Overview of Symptoms
End-users experienced 503 & 504 errors and poor performance on single sign-on (SSO) transactions.
Conditions of Event
There was no system resource (CPU, memory, disk, network) exhaustion on the application or database servers during the incident. There was no datacenter-specific infrastructure issue during the incident.
Incident Timeline
- 6:00MT Scheduler-service started batch job
- 6:13 Token-processor to config-service queries started to fail
- 6:57 First user-facing errors began
- 7:02 SSO performance significantly declined
- 7:04 High-sev (paging) alert: critical path failure
- 7:04 SRE began investigation
- 7:25 SRE restarted token-processor instances
- 7:45 SRE deployed additional token-processor and config-service instances
- 8:59 SRE restarted config-service instances
- 9:03 SRE increased timeout on load balancer health checks to reduce flapping
- 9:34 Engineers identified scheduler-service activity as a potential cause
- 9:34 SRE shut down scheduler-service
- 10:07 Critical path failure resolved
- 10:10 SSO performance back to normal
- 10:13 Errors stopped and incident resolved
Root Cause
The main root cause was discovered to be a proxy instance that sits in front of the PingOne configuration database. The short term fix was to replace the proxy with an instances that has greater network bandwidth. These system updates were made on 9/15 at roughly 22:00MT, and increased overall proxy bandwidth by a factor of eight.
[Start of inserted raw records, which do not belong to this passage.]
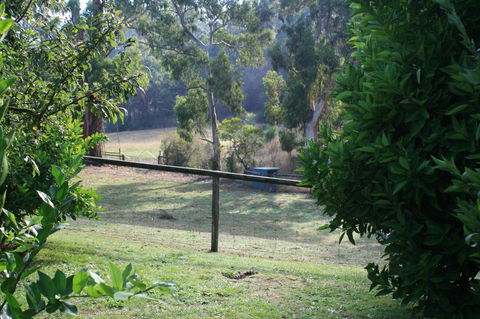 Strathmore Farm B&B - Accommodation Asia 30
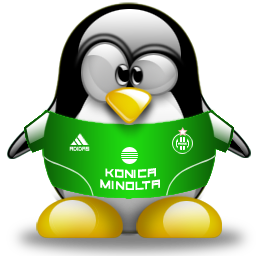 penguin pingouin pinguino 646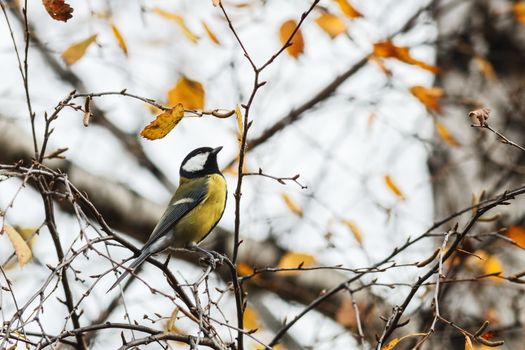Great Tit (Parus major) on a tree of dry leaves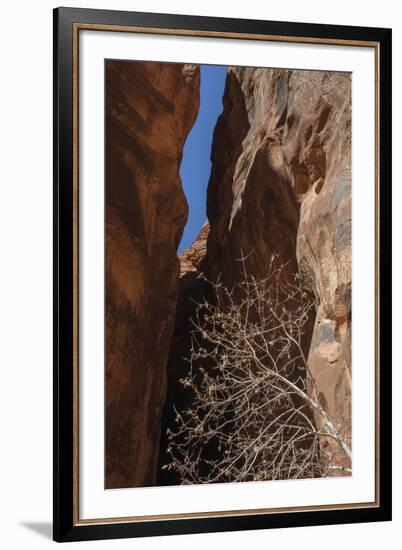 A Shaded Spot-Andrew Geiger-Framed Giclee Print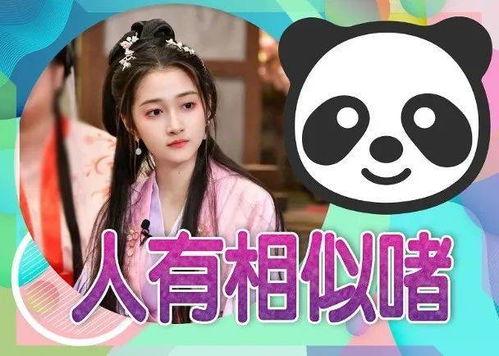 吃瓜进入娱乐圈后小说,一位吃瓜爱好者的明星之路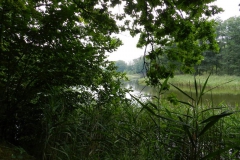 dscn3088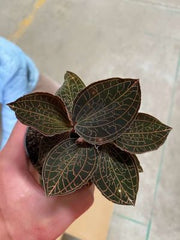 Ludochilus Dominyi x Anoectochilus roxburghii (FLASK/TISSUE CULTURE)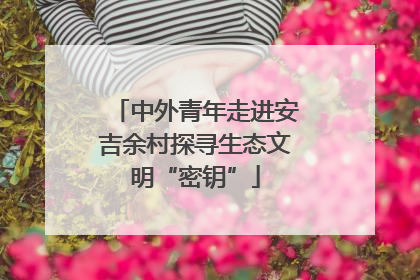 中外青年走进安吉余村探寻生态文明“密钥”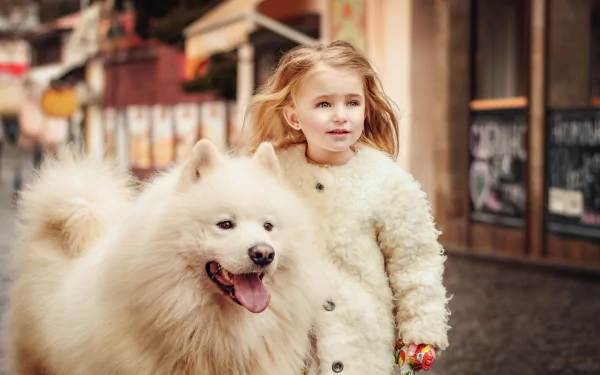 5K Ultra HD PC desktop wallpaper: joyful mood photography of a child in a white coat walking a fluffy Samoyed dog down a city street.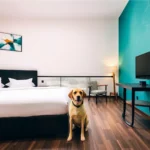 Hoteles Pet Friendly en Guerrero Negro, Baja California Sur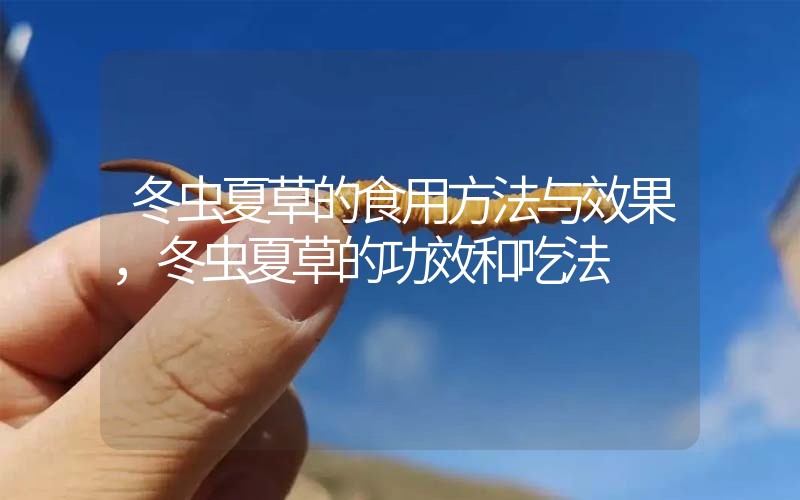 冬蟲(chóng)夏草的食用方法與效果，冬蟲(chóng)夏草的食用方法！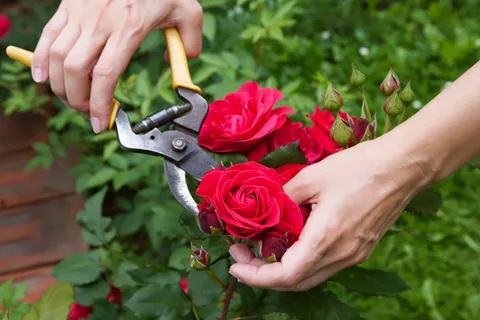 Правила ухода за розами весной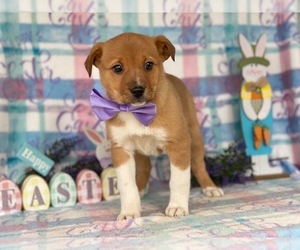 Texas Heeler Puppy for sale in LANCASTER, PA, USA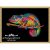 Rainbow Chameleon Cross Stitch Pattern PDF Funny Animal Color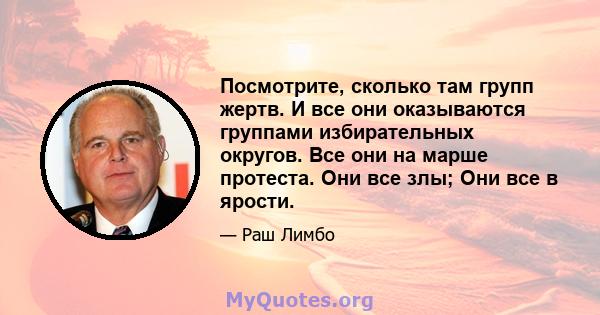 Посмотрите, сколько там групп жертв. И все они оказываются группами избирательных округов. Все они на марше протеста. Они все злы; Они все в ярости.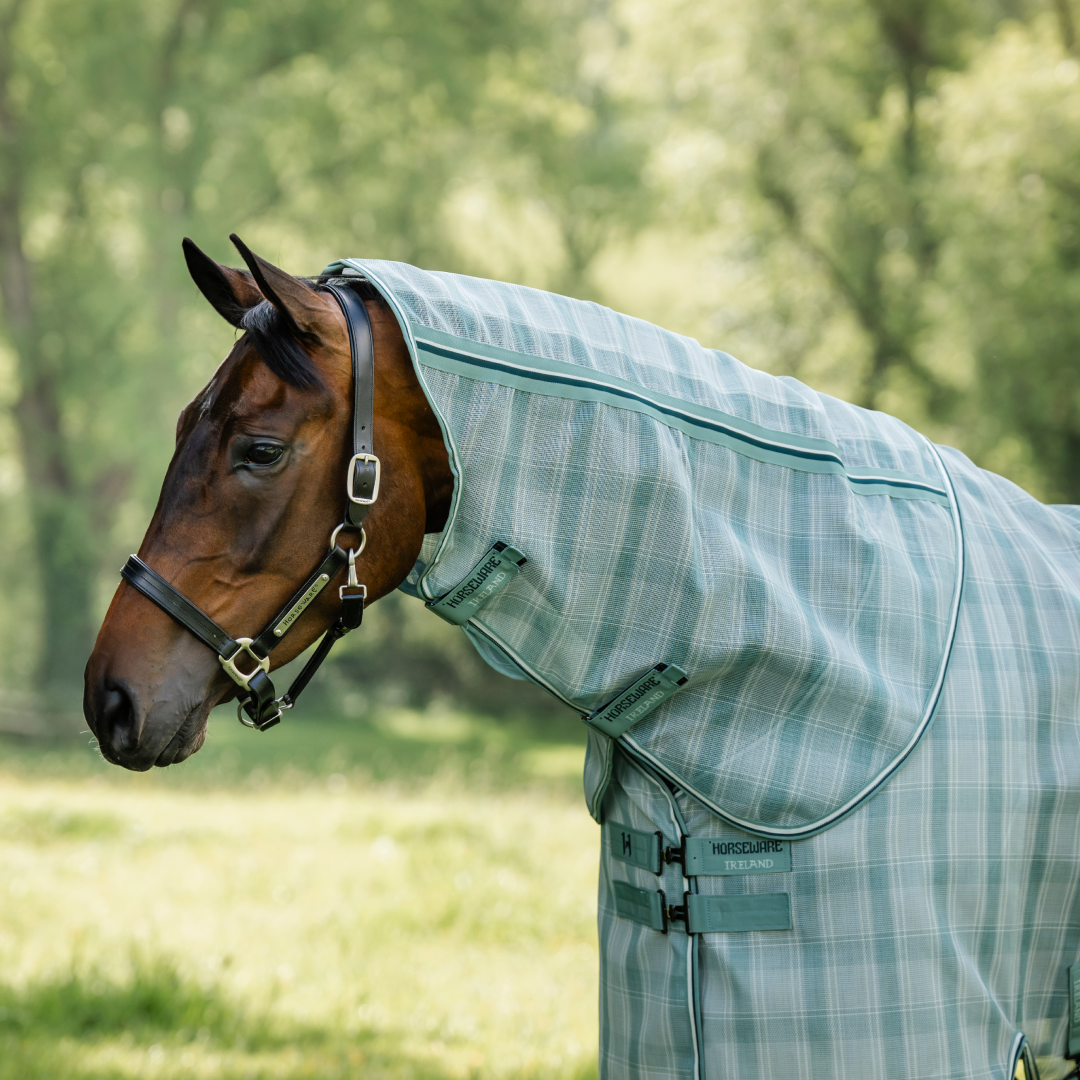 Horseware Ireland Newmarket Fly Sheet Hood #colour_witney-dynstay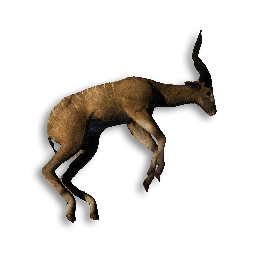 Antelope Carcass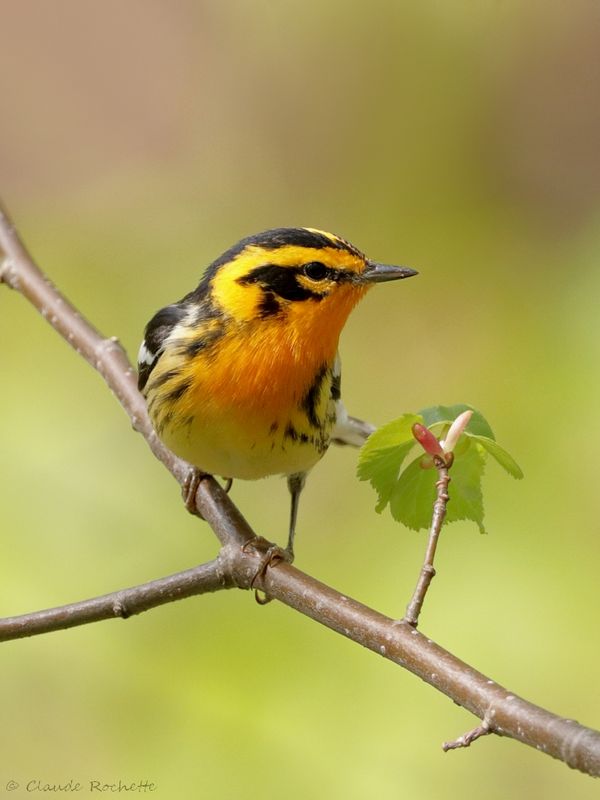 Paruline à gorge orangée / Blackburnian Warbler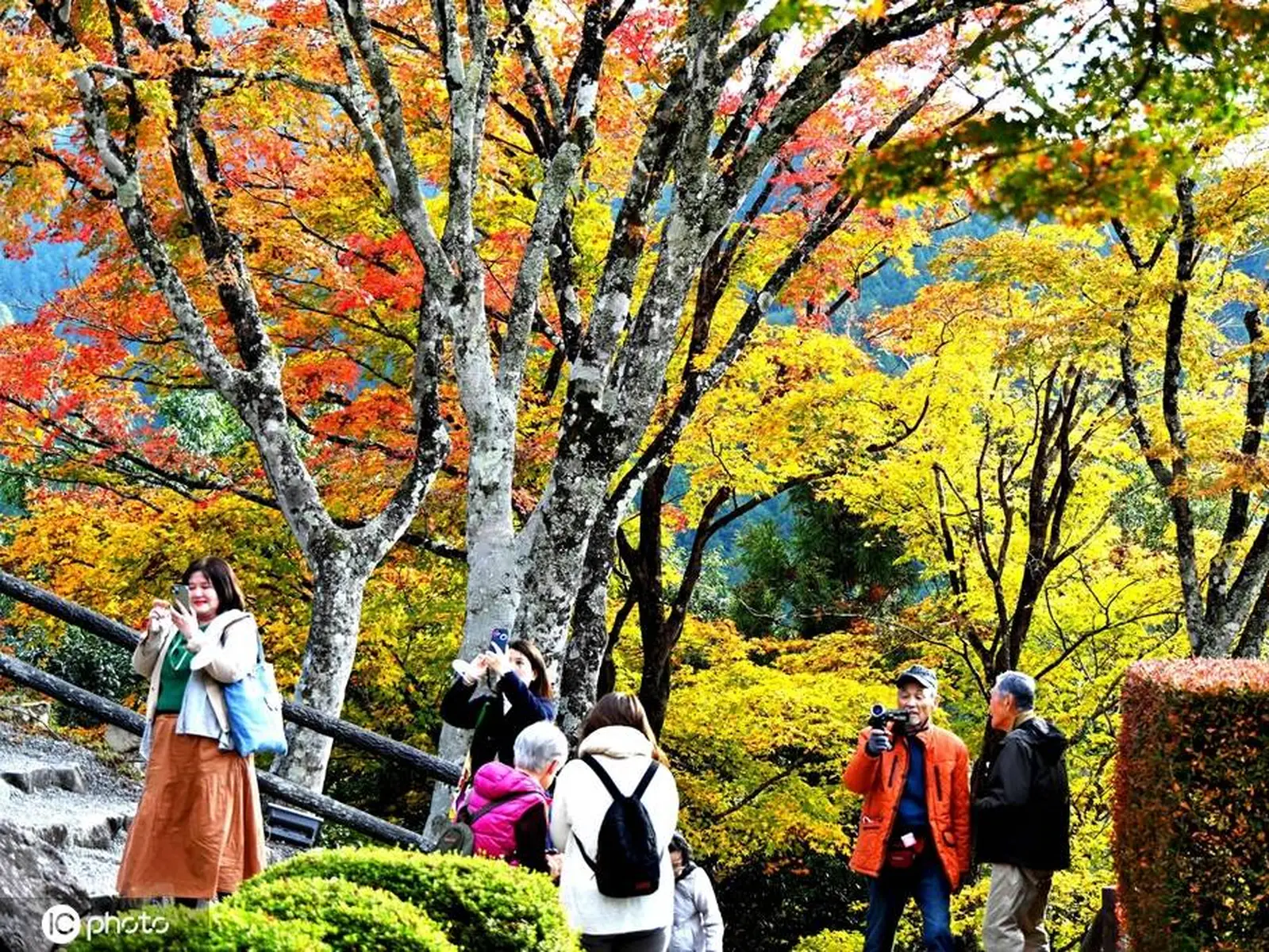 日本岐阜县郡上八幡城风景如画 欣赏美丽枫叶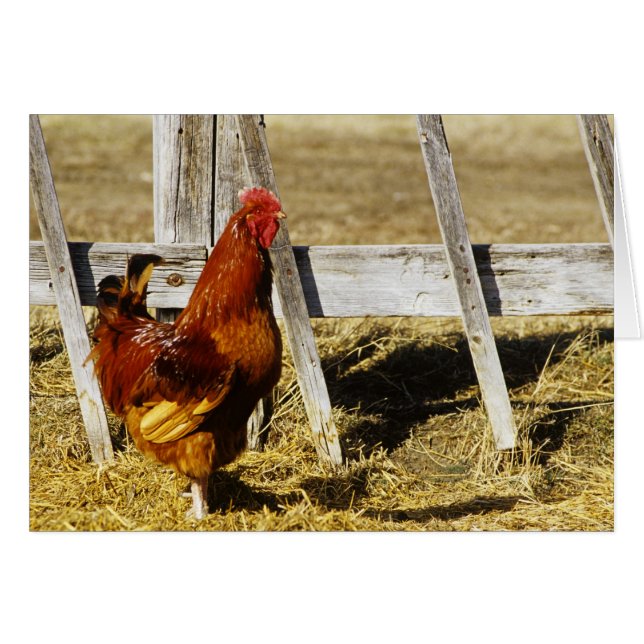Rhode Island Red Rooster (Devant horizontal)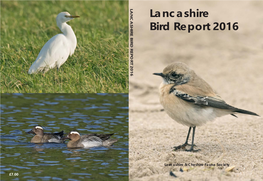 Lancashire Bird Report 2016 Lancashire Bird Report 2016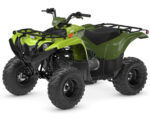 2026 Grizzly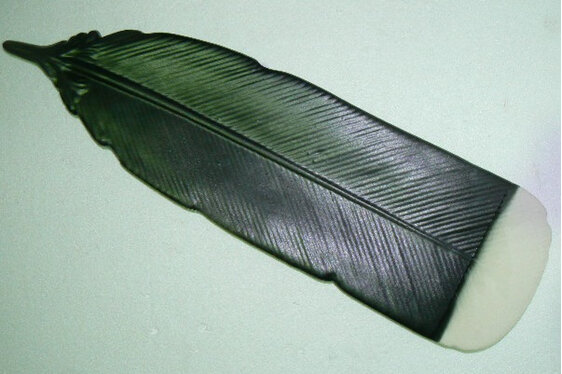 Huia Feather, Wall hanging, platter, NZ collectable ceramics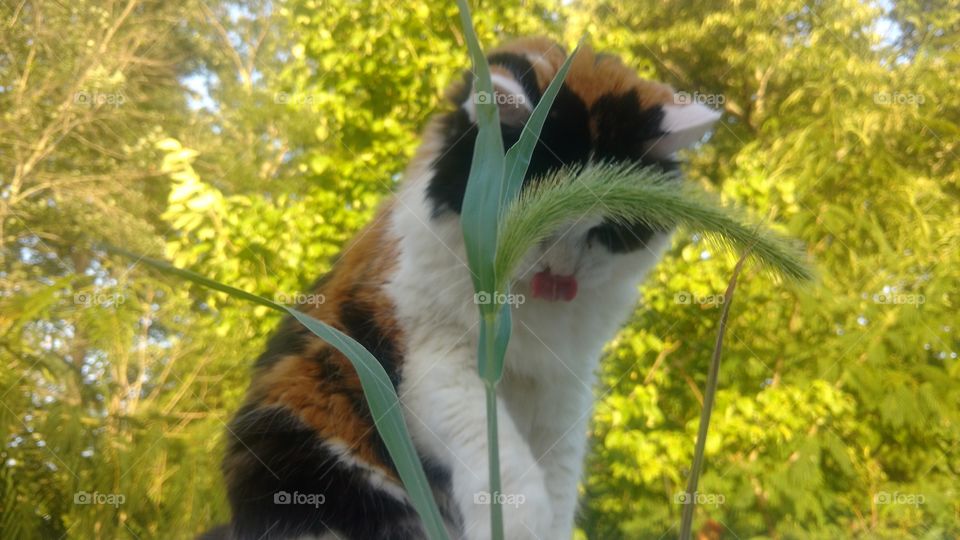 Calico cat and cattail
The longer term fix is to remove the proxy from PingOne's database critical path entirely. Looking at historical data shows that proxy bandwidth usage had been trending upwards. It had come close to a network cap a few times, but 9/12 was the first instance of hitting the ceiling. A large majority of the bandwidth used is from the ADConnect-API. After investigation, we found that much of this bandwidth is from customers running very old versions of ADConnect.
Action items
- SRE-6202 Replace proxy systems in front of the config database with a larger instance (completed)
- SRE-6217 Add alarms on bandwidth utilization of proxy systems, correlated with AWS instances sizing
- SRE-6128 Engineer the connections to RDS to remove the need for a proxy
- SRE-6245 Investigate reported status site customized notifications
- SSD-3280 Improve health metrics, alerting, and logging within our caching services
- SSD-3259 Reduce SSO dependency on caching services
- SSD-3293 Assess adding a cache for ADConnect API
- Plan communication to customers about upgrading off of old ADConnect versions. Current supported versions are 3.0+ only.